(Items from a dataset)
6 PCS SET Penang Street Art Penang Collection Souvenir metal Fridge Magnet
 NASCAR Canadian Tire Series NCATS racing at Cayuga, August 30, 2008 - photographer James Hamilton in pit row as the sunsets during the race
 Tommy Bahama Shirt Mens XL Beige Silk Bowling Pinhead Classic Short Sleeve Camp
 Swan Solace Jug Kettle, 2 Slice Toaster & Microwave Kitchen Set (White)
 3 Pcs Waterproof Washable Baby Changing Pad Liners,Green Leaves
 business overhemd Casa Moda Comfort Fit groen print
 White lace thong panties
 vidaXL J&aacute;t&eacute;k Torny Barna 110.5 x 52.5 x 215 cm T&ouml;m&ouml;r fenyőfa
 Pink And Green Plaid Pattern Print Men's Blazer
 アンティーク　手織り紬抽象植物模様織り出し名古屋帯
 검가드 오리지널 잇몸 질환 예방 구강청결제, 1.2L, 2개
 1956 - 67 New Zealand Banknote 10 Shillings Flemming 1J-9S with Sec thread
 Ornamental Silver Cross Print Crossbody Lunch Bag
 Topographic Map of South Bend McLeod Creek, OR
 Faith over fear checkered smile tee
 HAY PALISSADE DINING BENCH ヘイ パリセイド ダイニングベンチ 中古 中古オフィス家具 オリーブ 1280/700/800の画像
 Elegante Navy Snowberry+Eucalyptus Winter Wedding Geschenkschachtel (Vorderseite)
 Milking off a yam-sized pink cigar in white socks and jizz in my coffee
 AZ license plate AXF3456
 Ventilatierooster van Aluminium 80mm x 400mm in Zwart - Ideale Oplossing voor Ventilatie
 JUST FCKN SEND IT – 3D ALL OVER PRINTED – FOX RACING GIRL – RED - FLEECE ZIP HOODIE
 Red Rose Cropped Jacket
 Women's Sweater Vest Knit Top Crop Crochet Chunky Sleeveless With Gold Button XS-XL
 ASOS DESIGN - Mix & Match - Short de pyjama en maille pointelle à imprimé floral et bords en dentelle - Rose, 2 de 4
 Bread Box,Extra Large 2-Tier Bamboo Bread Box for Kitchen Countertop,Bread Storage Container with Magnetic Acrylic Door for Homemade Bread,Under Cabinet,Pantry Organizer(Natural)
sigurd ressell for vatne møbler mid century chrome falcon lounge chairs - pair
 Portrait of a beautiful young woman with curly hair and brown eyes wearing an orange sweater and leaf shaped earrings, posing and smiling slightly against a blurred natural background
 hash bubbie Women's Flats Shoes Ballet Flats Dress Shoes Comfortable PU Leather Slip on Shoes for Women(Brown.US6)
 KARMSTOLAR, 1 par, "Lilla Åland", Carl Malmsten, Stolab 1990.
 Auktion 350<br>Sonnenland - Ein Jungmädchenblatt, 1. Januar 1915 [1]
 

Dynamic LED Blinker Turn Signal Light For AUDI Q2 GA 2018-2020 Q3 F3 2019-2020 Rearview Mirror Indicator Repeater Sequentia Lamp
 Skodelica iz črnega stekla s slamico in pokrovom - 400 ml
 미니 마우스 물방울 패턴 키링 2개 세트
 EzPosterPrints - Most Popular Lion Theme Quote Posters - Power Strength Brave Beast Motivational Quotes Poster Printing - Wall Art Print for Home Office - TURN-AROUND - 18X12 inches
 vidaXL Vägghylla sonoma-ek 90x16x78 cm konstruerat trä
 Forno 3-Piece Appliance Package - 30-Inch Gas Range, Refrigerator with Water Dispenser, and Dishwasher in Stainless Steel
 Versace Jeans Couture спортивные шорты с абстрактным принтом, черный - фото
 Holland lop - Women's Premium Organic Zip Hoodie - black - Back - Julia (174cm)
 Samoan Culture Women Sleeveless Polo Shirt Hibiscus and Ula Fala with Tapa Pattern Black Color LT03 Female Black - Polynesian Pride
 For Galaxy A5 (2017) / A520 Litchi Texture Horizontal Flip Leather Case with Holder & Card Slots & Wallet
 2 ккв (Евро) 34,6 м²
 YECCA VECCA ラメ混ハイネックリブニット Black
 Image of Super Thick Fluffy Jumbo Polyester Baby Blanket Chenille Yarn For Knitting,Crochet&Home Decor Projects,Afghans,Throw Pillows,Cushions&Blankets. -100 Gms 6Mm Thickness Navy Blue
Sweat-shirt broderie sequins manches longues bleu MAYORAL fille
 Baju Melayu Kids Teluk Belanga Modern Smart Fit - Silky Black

Work request:
Among the lines above, find those holding the word "Crochet" and state how many there are, number only.

Result of this exercise:
2